• _WHAT NEEDS TO BE DONE_: Everything from the line containing "If you are going" to the last line of the listing below, inclusive, is what you should output, exactly as it appears.
(EXTRACTED RECORDS begins)
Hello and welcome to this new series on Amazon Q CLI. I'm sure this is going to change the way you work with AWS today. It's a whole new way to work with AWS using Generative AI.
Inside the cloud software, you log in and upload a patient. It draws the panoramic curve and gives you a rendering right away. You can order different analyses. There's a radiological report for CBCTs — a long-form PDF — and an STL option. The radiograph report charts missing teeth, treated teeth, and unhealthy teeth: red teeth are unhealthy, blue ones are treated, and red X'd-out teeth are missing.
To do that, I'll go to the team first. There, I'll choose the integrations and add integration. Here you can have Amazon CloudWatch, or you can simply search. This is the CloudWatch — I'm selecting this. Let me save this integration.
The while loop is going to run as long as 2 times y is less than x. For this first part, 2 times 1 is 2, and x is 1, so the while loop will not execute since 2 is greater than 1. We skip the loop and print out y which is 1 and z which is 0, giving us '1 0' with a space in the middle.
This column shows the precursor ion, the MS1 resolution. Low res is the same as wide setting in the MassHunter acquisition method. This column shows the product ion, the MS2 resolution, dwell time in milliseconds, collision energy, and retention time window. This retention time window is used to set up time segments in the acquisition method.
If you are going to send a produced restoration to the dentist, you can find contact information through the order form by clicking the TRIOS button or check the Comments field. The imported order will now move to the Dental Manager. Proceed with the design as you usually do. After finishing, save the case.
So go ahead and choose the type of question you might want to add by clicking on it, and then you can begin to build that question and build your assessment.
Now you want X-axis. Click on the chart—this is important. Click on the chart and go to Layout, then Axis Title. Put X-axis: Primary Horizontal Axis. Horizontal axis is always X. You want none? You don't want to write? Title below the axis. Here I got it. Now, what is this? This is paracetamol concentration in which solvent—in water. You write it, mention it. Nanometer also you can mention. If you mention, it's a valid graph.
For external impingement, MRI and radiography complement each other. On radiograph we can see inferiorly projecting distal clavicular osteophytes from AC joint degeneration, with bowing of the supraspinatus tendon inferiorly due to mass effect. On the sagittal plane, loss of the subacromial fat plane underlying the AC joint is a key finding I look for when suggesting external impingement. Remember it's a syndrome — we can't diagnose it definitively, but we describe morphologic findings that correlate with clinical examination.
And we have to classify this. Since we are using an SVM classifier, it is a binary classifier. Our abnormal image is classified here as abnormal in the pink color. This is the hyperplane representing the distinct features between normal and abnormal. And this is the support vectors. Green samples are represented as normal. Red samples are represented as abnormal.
(EXTRACTED RECORDS ends)
• _TASK RESPONSE_:
If you are going to send a produced restoration to the dentist, you can find contact information through the order form by clicking the TRIOS button or check the Comments field. The imported order will now move to the Dental Manager. Proceed with the design as you usually do. After finishing, save the case.
So go ahead and choose the type of question you might want to add by clicking on it, and then you can begin to build that question and build your assessment.
Now you want X-axis. Click on the chart—this is important. Click on the chart and go to Layout, then Axis Title. Put X-axis: Primary Horizontal Axis. Horizontal axis is always X. You want none? You don't want to write? Title below the axis. Here I got it. Now, what is this? This is paracetamol concentration in which solvent—in water. You write it, mention it. Nanometer also you can mention. If you mention, it's a valid graph.
For external impingement, MRI and radiography complement each other. On radiograph we can see inferiorly projecting distal clavicular osteophytes from AC joint degeneration, with bowing of the supraspinatus tendon inferiorly due to mass effect. On the sagittal plane, loss of the subacromial fat plane underlying the AC joint is a key finding I look for when suggesting external impingement. Remember it's a syndrome — we can't diagnose it definitively, but we describe morphologic findings that correlate with clinical examination.
And we have to classify this. Since we are using an SVM classifier, it is a binary classifier. Our abnormal image is classified here as abnormal in the pink color. This is the hyperplane representing the distinct features between normal and abnormal. And this is the support vectors. Green samples are represented as normal. Red samples are represented as abnormal.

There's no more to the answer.